• Required action
Only one stretch of the data should be retyped: the lines from the line containing "215/65R16C CONTINENTAL VANCONTACT" through the line containing "Afbeelding van The". Keep pictures out of it.

• Exercise materials
***
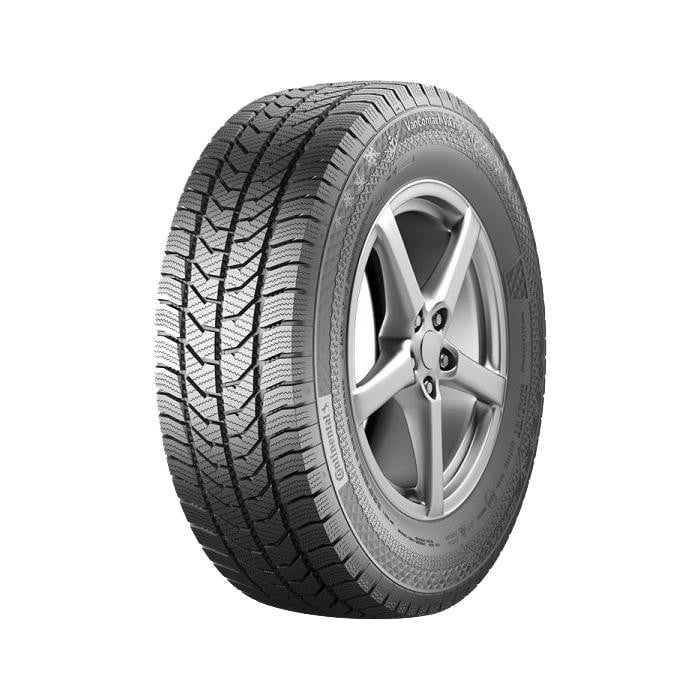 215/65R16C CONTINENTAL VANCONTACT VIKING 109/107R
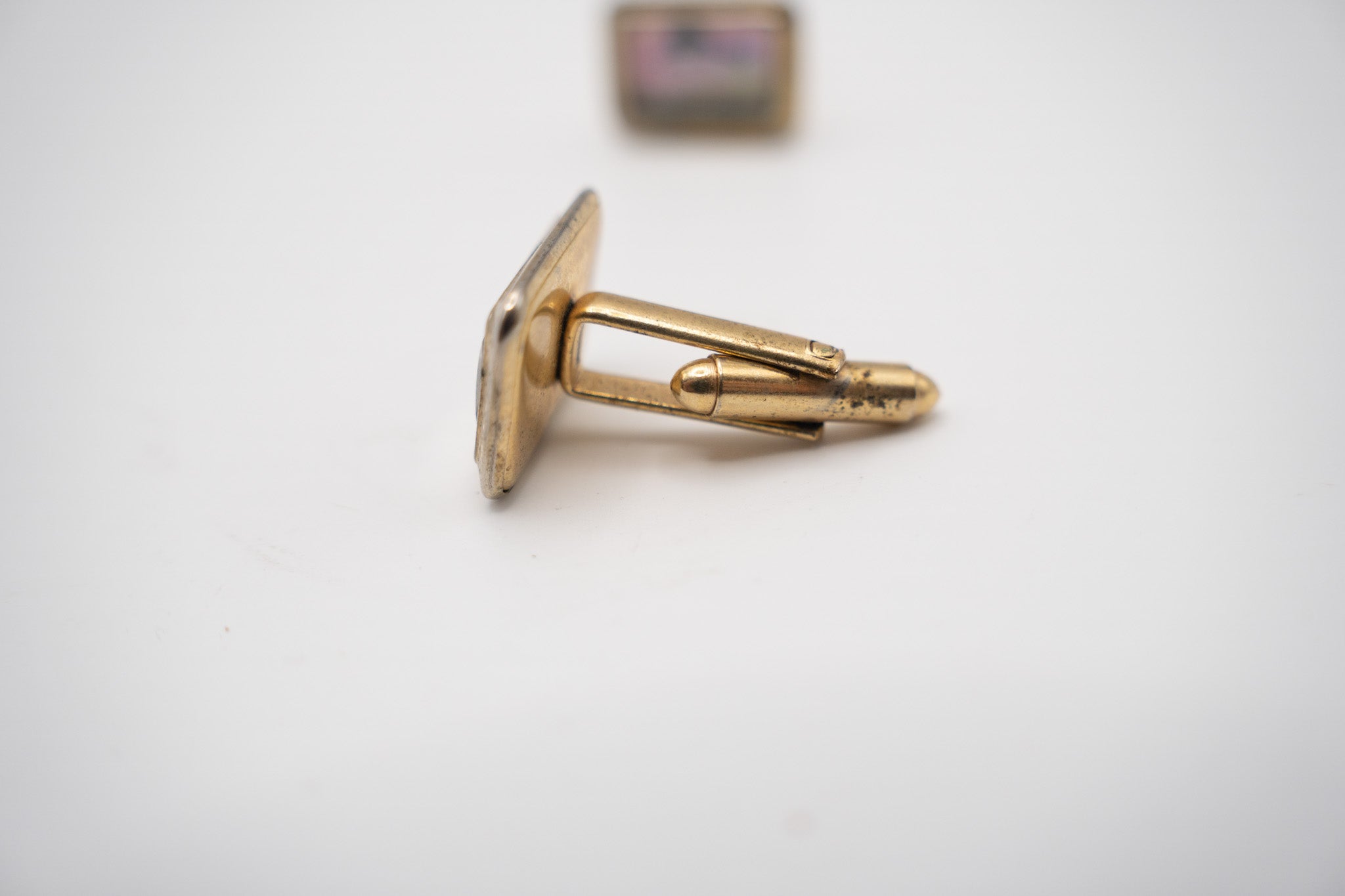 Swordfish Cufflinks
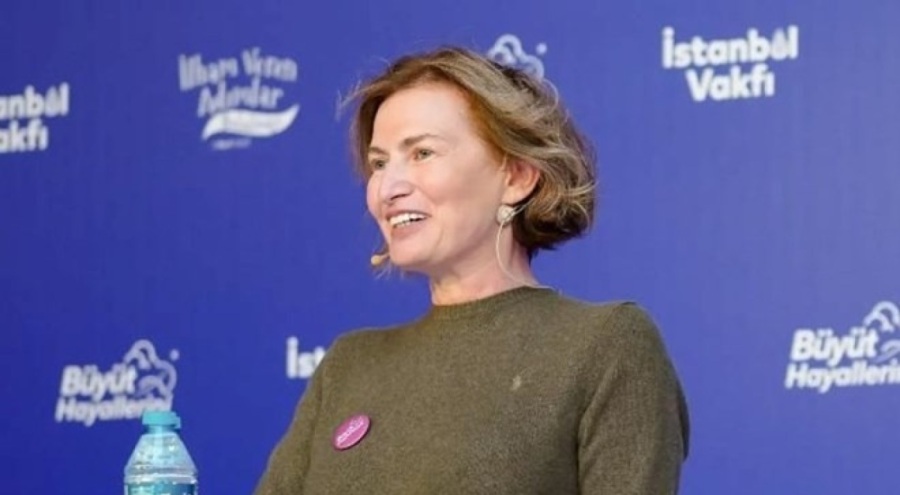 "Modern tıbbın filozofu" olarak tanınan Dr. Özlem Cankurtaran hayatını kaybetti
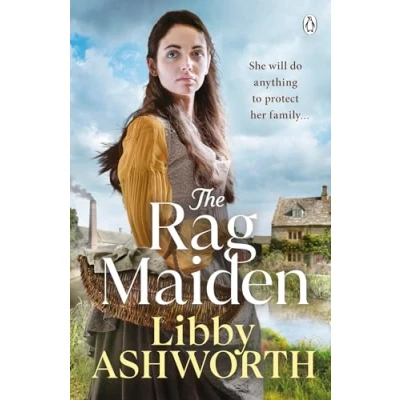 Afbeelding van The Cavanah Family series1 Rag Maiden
***
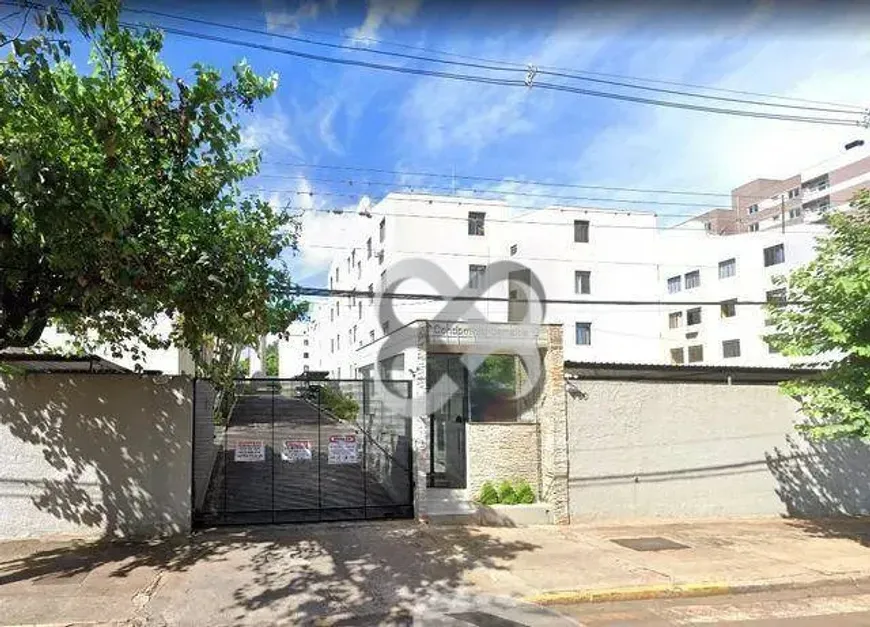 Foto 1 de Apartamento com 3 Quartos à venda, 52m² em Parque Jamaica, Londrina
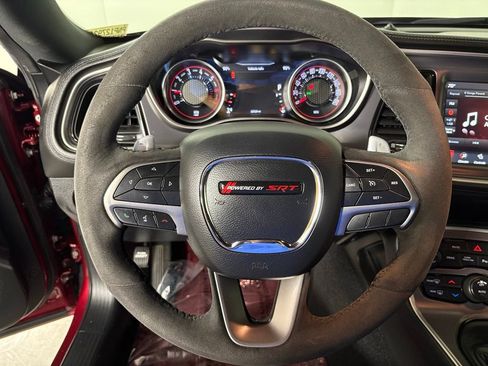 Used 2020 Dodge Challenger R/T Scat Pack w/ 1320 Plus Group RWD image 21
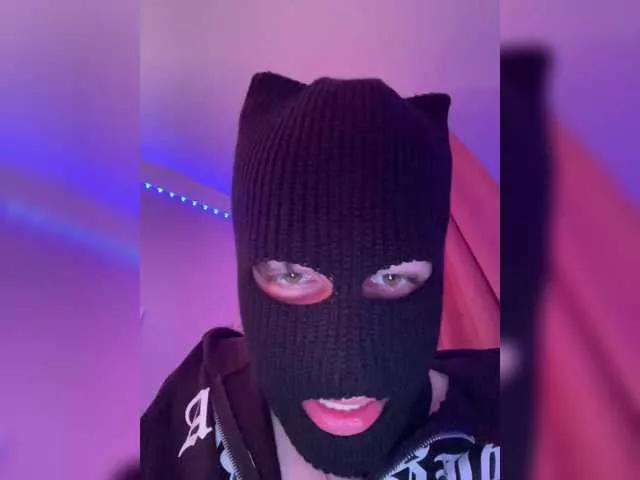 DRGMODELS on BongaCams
***
• Answer box
 215/65R16C CONTINENTAL VANCONTACT VIKING 109/107R
 Swordfish Cufflinks
 "Modern tıbbın filozofu" olarak tanınan Dr. Özlem Cankurtaran hayatını kaybetti
 Afbeelding van The Cavanah Family series1 Rag Maiden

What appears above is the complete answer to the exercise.